Actually, as Johnny already said, you can use the LiveCD itself to do a netinstall. However, in that case, you will still download the packages from the Internet as they are installed.
On Mon, Aug 10, 2009 at 15:22, Bob Goodwinbobgoodwin@wildblue.net wrote:
Actually I only need a minimal install in that computer since I plan on using it as a file server.
In that case you might want to download only CD 1 of CentOS, since (AFAIR) it's possible to do a minimal install using that CD only. (Please someone else that has done that recently confirm that this is indeed still possible.)
HTH, Filipe
On Mon, Aug 10, 2009 at 3:37 PM, Filipe Brandenburgerfilbranden@gmail.com wrote:
Actually, as Johnny already said, you can use the LiveCD itself to do a netinstall. However, in that case, you will still download the packages from the Internet as they are installed.
I'm sorry, I should have made myself clear. I meant for future downloads.
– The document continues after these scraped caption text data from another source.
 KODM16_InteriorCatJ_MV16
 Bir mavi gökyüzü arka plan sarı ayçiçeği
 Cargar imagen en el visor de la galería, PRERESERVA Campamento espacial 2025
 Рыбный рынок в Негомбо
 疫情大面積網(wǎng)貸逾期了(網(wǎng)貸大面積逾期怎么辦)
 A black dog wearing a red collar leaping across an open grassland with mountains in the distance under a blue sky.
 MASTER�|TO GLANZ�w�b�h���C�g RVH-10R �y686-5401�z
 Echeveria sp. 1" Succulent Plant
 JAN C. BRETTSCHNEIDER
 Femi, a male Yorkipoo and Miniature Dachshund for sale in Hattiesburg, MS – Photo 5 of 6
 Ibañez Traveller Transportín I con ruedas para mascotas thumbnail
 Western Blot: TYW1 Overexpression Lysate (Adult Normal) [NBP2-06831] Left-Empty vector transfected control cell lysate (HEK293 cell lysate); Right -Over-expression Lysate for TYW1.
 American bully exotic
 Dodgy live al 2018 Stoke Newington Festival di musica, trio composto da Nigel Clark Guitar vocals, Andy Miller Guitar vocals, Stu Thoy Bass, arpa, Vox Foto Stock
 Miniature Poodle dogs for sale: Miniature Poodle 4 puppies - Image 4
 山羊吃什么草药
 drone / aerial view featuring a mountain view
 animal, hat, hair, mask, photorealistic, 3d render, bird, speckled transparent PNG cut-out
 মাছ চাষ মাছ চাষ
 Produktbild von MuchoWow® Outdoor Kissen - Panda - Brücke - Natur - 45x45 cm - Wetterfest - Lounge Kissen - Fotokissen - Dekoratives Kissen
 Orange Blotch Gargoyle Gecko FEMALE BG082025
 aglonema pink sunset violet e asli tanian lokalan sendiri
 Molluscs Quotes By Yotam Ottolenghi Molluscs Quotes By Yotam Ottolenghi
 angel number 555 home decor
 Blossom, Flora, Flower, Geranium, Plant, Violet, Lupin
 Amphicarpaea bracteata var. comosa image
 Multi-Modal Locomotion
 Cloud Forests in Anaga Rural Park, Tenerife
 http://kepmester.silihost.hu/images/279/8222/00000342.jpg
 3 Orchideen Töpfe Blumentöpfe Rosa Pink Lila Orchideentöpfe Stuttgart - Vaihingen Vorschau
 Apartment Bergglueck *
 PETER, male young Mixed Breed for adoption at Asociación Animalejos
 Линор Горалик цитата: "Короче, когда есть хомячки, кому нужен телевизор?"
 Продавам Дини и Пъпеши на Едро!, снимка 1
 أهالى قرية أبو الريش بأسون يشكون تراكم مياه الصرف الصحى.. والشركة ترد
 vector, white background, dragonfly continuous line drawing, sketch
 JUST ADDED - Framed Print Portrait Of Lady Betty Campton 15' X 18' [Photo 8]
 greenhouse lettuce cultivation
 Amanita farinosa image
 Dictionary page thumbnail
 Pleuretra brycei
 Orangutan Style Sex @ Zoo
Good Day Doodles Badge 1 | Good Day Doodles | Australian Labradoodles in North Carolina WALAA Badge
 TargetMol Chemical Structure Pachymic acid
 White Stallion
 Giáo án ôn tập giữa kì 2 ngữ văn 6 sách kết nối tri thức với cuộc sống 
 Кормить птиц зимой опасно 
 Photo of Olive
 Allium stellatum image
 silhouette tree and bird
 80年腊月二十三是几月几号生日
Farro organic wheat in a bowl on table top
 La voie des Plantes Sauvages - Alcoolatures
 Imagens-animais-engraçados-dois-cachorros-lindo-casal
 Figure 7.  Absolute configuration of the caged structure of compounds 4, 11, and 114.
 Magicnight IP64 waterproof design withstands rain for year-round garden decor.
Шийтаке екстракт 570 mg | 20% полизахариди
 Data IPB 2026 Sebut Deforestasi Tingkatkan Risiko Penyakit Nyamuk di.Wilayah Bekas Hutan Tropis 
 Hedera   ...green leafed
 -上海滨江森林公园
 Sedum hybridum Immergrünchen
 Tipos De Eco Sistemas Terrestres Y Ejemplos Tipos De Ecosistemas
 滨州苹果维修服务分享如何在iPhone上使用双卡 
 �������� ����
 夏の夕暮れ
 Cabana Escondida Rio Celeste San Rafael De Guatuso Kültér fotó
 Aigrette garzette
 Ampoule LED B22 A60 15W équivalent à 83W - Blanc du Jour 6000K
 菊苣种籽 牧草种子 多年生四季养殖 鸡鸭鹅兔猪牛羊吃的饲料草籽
If you download the 8 Meg Netinstall.ISO, it's true that you still have to download the rest of the distribution -- but you're only downloading what you want, and you won't have to update immediately. I almost always use the NetInstall.ISO for CentOS installations.
At Mon, 10 Aug 2009 16:37:42 -0400 CentOS mailing list centos@centos.org wrote:
Hi,
On Mon, Aug 10, 2009 at 15:26, Ron Blizzardrb4centos@gmail.com wrote:
If you've got limited access, the best way to install CentOS is probably to download the very small Netinstall ISO -- then do a network install. That way you save having to download all the updates right after installing.
Actually, as Johnny already said, you can use the LiveCD itself to do a netinstall. However, in that case, you will still download the packages from the Internet as they are installed.
On Mon, Aug 10, 2009 at 15:22, Bob Goodwinbobgoodwin@wildblue.net wrote:
Actually I only need a minimal install in that computer since I plan on using it as a file server.
In that case you might want to download only CD 1 of CentOS, since (AFAIR) it's possible to do a minimal install using that CD only. (Please someone else that has done that recently confirm that this is indeed still possible.)
Yes, it is, but there is also a 'Server Install CD', which might be better. Many of the 'server' (deamon) RPMs are NOT on CD 1 of the CD set (instead it has other, more desktop-ish RPMs).
HTH, Filipe _______________________________________________ CentOS mailing list CentOS@centos.org http://lists.centos.org/mailman/listinfo/centos
On Mon, Aug 10, 2009 at 05:33:29PM -0400, Robert Heller wrote:
At Mon, 10 Aug 2009 16:37:42 -0400 CentOS mailing list centos@centos.org wrote:
Yes, it is, but there is also a 'Server Install CD', which might be better. Many of the 'server' (deamon) RPMs are NOT on CD 1 of the CD set (instead it has other, more desktop-ish RPMs).
There is not a Server Install ISO image for 5.x; best bet is the netinstall.iso image.
John
At Mon, 10 Aug 2009 16:43:22 -0500 "John R. Dennison" jrd@gerdesas.com wrote:
On Mon, Aug 10, 2009 at 05:33:29PM -0400, Robert Heller wrote:
At Mon, 10 Aug 2009 16:37:42 -0400 CentOS mailing list centos@centos.org wrote:
Yes, it is, but there is also a 'Server Install CD', which might be better. Many of the 'server' (deamon) RPMs are NOT on CD 1 of the CD set (instead it has other, more desktop-ish RPMs).
There is not a Server Install ISO image for 5.x; best bet is the netinstall.iso image.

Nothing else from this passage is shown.